The East Suffolk Catchments Partnership
Formed in December 2013 the East Suffolk Catchments Partnership covers the river catchments of the Gipping, Deben, Alde, Thorpeness Hundred, Yox, Blyth and Lothingland Hundred. The Partnership is a group building on the successful work and Catchment Based Approach (CaBA) pioneered across the UK by the Rivers Trust movement. It draws together a group of engaged organisations and individuals far beyond the ‘usual suspects’ and includes members from the Woodland Trust, RSPB, Local Landowners, Suffolk County Council, Essex and Suffolk Rivers Trust, Local Fishing Clubs, Suffolk Wildlife Trust, Essex and Suffolk Water, Anglian Water, Suffolk Coastal District Council, FWAG, CSF, NFU, CLA, ESWAG, and local businesses including Adnams and Muntons Malt.
- Partnership Aims
- Partnership members
- East Suffolk Catchments Plan
- Project Documents
If you would like to contribute your time, expertise or support to this project please contact us.
Background to the Project
These rivers are of significant importance being designated as “the Suffolk River Valleys” by Natural England, under environmentally sensitive areas. The rivers to the west of the A12 are in the clay lands area, being mostly cereals, and all tend to suffer from low flows and drought issues on a regular basis. Although agricultural surface water abstractions are common, it is a natural geographical feature that causes these rivers to be slow flowing, and frequently impounded by mill structures, causing ecological and water quality problems. Additional recharge flows from boreholes in the headwaters are frequently needed to maintain to oxygen levels in the summer months. To the East of the A12 the light soils are predominantly used for high value root crops and this former heath land is only farmed by the use of irrigation systems, supplied largely from ground water sources. The lighter soils area along the Suffolk coast is called the “sandlings“ and has an AONB designation along its entire length. The River Gipping however has more industry in its headwaters than the other catchments, as well as significant treated sewage effluent discharges from market towns. Again it is significantly affected by old mill head impoundments, and amenity use is considerable, with a public towpath along its entire length.

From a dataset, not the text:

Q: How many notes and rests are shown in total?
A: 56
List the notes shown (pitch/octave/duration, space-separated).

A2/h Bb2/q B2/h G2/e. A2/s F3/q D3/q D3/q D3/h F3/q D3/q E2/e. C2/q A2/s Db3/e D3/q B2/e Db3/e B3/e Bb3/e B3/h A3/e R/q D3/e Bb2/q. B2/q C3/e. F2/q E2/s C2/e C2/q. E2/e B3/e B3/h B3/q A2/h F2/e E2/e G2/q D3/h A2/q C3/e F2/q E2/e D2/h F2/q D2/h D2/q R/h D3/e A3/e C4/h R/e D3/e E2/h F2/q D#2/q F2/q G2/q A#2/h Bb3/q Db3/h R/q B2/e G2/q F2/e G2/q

All the rivers in these catchments are not in good ecological condition under the Water Framework Directive criteria and work addressing diffuse pollution issues has been ongoing for the last five years under the Catchment Sensitive Farming initiative. Flooding during the winter months can also be significant in towns such as Debenham and Needham Market, and schemes to address these issues may well have parallel benefits for ecological and water quality status. Traditional water meadows still exist in many of these river valleys and have great ecological and landscape value. Into the estuaries we have nationally important areas for wildlife, as well as great landscapes, shellfish and commercial fishing areas. The importance of the amenity aspects of our estuaries for the local economy is significant, it being the major sailing areas for the East Coast of England.
In these rivers water quality has improved dramatically in the last four decades, with all dry weather flow discharges now being fully treated. However it is the more subtle issues that remain as the challenges into the future. These include diffuse pollution, biodiversity, flooding, water supply, and landscape enhancement.
Part of what the Catchment Partnership may wish to do is add their own knowledge to this summary and form their own views on what best describes the various river catchments within the ‘East Suffolk Rivers’ umbrella. It is certainly the case that the Partnership will develop a plan of action to tackle the issues around water quality, water availability as well as improving river habitats and fish, plant and invertebrate populations and making the most of the opportunities available. Exactly what and how will be developed as part of the Partnership’s work but it is likely that in due course new projects and support for existing initiatives will be generated through the Partnership.